Council OKs Nearly $1M More Than Taxpayers Were Told for Soccer Field Turf

Bill Pearl

On Sept. 8, the City Council voted 9-0 to approve a FY 21 City Hall spending budget that quietly allocates $2.35 million – an increase of 56% from $1.5 million city management proposed in February and March 2020 – to install an artificial turf soccer field in El Dorado Park West along Studebaker Rd. north of Willow St.

City staff recently put the El Dorado Park artificial turf field project out to bid and set an Oct. 2 due date for responses. City staff will evaluate the bids received and bring staff’s decision on the best bid to the City Council for voted approval in the coming weeks or months.

What accounts for the $850.000 (56%) taxpayer cost increase? “The additional budget need was discovered once we had a detailed design and updated cost estimates to go along with it. In addition, a combination of escalation and ADA design requirements contributed to the cost increases,” says Nancy Villasenor, the City’s Capital Projects Coordinator.

Villasenor says the artificial turf field’s FY21 budgeted cost increased despite eliminating items from the project scope These include eliminating “electrical conduit and panel upgrades for future sports field lighting, elimination of one goal stop (the one nearest to the parking lot remains), eliminating concrete pads for the decorative boulders, and reducing a 6’ fence to a 4’ fence. There were also plans to plant shrubs around some of the boulder clusters and that was removed as well.”

The artificial turf field, controversial from its inception, has pitted park protection advocates, neighborhood residents and taxpayers against city staff, some soccer advocates and Councilwoman Mungo. (To date, Councilwoman Mungo hasn’t mentioned the El Dorado Park artificial turf soccer field cost increase from $1.5 million to $2.35 million in her “Neighborly News” newsletters.)

Shortly after the Council budget vote, this writer made a request under the CA Public Records Act for various records related to the cost increase. As of our publication date, the City of Long Beach hasn’t produced records requested that would shed light on the process.”

Parks/Rec staff contends replacing natural grass turf with synthetic turf on soccer fields has several benefits, including providing a playing surface that addresses field safety issues and enhances playability to meet demand” and would mean less “down time” for soccer fields.

On a Feb. 18, 2020 Council agenda item on FY19 budget performance – when management proposed allocating $1.5 million for artificial turf soccer – opponents included veteran park protection advocate Ann Cantrell.

Cantrell supported a new soccer field but said it should be natural, not artificial turf.  She cited a playability issue -- that artificial turf fields get much hotter for players -- and added that the plastic grass can’t be cooled using reclaimed water.

Eastside Voice president (and former 5th  District  Council candidate) Corliss Lee said the $1.5 million could be better used for repairs needed elsewhere in El Dorado Park.

Jon Schultz supported plans for the artificial turf field.

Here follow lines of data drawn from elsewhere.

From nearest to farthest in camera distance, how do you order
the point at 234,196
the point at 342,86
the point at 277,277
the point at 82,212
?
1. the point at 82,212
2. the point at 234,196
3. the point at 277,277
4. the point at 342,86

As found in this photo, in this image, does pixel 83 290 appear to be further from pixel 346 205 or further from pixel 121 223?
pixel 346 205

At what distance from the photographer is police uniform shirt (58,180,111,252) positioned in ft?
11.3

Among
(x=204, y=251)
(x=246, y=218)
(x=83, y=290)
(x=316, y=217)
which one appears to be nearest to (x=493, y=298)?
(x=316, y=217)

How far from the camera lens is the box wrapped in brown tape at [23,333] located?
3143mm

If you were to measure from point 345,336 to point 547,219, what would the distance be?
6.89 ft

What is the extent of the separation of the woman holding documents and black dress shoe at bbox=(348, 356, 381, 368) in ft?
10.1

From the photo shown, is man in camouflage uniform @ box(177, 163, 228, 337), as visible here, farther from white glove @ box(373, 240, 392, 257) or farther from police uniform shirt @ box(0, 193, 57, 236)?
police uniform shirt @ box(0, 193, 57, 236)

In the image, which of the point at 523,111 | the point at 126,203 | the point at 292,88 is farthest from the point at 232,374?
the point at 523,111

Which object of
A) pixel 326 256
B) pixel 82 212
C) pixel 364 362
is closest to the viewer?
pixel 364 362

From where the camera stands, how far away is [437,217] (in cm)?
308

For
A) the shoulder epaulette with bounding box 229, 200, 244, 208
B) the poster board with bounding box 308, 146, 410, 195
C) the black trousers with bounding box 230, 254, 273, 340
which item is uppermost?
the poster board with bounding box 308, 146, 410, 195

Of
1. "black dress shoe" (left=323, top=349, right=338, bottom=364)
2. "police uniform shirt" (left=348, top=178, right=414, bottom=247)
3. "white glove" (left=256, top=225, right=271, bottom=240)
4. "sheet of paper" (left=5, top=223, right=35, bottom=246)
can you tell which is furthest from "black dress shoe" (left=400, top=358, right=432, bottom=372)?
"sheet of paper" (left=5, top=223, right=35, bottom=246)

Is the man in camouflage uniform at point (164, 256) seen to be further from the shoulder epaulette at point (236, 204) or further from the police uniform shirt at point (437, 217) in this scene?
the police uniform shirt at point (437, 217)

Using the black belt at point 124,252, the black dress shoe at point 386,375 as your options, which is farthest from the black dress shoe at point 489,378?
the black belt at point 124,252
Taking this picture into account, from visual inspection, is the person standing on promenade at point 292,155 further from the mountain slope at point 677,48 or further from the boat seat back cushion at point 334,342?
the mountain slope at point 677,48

The city has installed artificial turf fields at four other LB parks: Seaside Park, AdmiralKidd Park, the Drake-Chavez Park greeenbelt and Molina Park. Like those fields, the El Dorado Park artificial turf soccer field will use cork and sand fill, not “crumb rubber” (the latter prompted public pushback and led to a 2015 Parks/Recreation Commission majority vote to recommend cork/sand fill.)

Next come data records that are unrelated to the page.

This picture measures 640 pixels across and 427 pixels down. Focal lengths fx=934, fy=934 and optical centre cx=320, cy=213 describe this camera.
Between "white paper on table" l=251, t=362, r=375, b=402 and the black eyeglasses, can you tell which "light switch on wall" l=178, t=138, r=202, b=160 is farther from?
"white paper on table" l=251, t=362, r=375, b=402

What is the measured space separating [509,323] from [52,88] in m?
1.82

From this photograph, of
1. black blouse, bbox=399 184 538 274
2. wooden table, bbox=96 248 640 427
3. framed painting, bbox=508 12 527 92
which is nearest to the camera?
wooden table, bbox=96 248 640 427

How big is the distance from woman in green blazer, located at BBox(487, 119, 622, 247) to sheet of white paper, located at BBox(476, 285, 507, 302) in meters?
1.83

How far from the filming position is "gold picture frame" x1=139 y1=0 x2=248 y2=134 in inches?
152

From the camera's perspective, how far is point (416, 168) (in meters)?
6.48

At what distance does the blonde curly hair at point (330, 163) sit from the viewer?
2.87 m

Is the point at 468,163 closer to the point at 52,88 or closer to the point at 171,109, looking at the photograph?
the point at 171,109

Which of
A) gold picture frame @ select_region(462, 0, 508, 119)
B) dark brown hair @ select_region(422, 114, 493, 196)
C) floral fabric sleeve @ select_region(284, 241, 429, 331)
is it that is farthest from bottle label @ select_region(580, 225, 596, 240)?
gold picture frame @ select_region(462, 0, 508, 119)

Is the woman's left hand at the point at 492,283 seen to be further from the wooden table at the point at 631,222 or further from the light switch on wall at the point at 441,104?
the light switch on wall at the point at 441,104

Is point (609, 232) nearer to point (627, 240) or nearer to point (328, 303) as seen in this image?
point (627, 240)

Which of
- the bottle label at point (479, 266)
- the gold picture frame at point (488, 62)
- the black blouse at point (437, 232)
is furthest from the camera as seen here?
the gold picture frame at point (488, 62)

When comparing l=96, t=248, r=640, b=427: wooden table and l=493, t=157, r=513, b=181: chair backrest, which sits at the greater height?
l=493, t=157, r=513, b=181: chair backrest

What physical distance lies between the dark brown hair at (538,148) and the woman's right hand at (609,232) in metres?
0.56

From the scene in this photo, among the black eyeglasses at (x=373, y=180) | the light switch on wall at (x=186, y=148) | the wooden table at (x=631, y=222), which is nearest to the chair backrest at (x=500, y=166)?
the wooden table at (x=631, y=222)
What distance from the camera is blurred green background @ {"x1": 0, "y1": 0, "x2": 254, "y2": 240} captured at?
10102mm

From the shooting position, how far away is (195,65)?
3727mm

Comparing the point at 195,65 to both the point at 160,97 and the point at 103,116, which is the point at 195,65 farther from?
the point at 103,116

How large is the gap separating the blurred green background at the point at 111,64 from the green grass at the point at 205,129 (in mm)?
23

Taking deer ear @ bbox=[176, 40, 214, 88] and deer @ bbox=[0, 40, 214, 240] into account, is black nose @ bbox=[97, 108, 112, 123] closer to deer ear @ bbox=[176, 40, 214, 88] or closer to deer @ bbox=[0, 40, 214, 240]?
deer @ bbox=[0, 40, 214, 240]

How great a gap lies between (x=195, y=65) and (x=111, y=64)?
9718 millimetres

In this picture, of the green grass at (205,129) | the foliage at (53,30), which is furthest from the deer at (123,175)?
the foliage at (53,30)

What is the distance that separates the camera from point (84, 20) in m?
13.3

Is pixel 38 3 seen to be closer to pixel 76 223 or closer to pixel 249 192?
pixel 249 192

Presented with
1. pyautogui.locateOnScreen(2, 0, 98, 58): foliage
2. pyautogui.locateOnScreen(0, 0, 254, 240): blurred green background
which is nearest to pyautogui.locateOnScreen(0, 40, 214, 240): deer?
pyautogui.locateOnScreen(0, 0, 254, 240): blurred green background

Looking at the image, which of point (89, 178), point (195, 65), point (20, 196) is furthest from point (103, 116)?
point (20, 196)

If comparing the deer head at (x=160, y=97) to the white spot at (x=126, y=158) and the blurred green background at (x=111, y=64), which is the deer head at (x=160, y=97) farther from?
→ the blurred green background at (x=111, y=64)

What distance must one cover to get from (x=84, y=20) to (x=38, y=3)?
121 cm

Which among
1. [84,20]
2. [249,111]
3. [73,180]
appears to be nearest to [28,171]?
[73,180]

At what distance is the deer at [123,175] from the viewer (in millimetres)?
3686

On March 17, 2020, city staff cited emerging COVID-19 economic impacts in seeking to delay a Council vote on over a hundred management planned budget adjustments. Among them was a line item proposing to spend $1.5 million from FY19 Measure A sales tax “surplus” (sums City Hall collected beyond what it expected) to fund the El Dorado Park artificial turf field.  The council agreed and voted 9-0 to lay the entire agenda item over to a future council meeting.

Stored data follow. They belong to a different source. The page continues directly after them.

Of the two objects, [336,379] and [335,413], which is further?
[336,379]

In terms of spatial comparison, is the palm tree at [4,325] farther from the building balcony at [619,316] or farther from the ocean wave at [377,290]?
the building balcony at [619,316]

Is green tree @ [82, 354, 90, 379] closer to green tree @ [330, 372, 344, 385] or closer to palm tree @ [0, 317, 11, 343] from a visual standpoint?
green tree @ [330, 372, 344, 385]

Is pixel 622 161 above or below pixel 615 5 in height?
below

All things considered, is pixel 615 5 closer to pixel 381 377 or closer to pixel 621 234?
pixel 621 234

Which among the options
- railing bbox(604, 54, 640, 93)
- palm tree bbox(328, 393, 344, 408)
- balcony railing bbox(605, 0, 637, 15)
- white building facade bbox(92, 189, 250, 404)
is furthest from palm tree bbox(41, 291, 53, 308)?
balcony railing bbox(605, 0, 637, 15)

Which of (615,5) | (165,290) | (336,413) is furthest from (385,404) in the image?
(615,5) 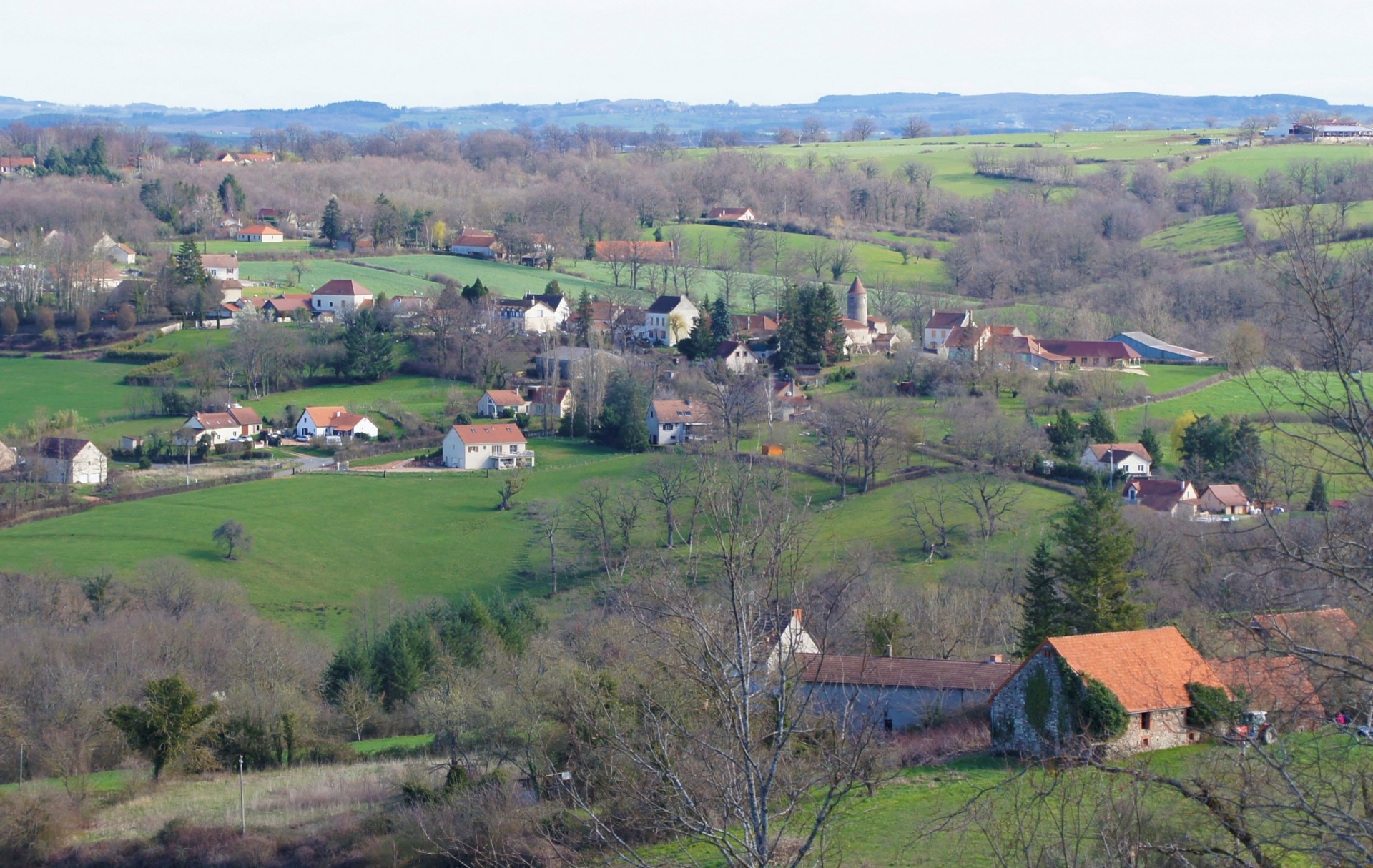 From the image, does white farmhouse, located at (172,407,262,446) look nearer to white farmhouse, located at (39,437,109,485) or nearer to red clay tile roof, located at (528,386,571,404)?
white farmhouse, located at (39,437,109,485)

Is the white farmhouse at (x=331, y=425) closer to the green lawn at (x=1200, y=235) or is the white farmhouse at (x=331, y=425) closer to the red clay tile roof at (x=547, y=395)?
the red clay tile roof at (x=547, y=395)

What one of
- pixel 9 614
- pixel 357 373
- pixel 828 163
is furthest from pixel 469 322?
pixel 828 163

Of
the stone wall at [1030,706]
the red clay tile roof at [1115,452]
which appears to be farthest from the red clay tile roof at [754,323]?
the stone wall at [1030,706]

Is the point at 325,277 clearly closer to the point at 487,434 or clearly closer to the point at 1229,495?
the point at 487,434

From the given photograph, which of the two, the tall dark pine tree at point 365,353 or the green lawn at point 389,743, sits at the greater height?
the tall dark pine tree at point 365,353

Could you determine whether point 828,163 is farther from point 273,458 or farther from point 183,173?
point 273,458

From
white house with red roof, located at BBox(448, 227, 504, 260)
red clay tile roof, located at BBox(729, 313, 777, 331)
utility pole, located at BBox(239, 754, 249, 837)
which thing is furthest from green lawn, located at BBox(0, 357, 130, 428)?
utility pole, located at BBox(239, 754, 249, 837)

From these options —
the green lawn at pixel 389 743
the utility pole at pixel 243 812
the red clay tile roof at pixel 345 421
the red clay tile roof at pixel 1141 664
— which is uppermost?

In August 2020, the $2.35 million cost figure quietly surfaced in management’s proposed FY21 budget.

The budget proposed a number of cuts to taxpayer services, but no councilmember(s) publicly opposed the $850,000 taxpayer cost increase to the already costly $1.5 million El Dorado Park artificial turf soccer field.

The council debated, amended and tweaked other aspects of the management/mayor proposed FY21 budget, but not the $2.35 million El Dorado Park artificial turf item.

Unless changed by a council majority, a forthcoming council vote can now approve a management-recommended bid to install the artificial turf field.

Bill Pearl publishes lbreport.com, an online local news source since August 2000.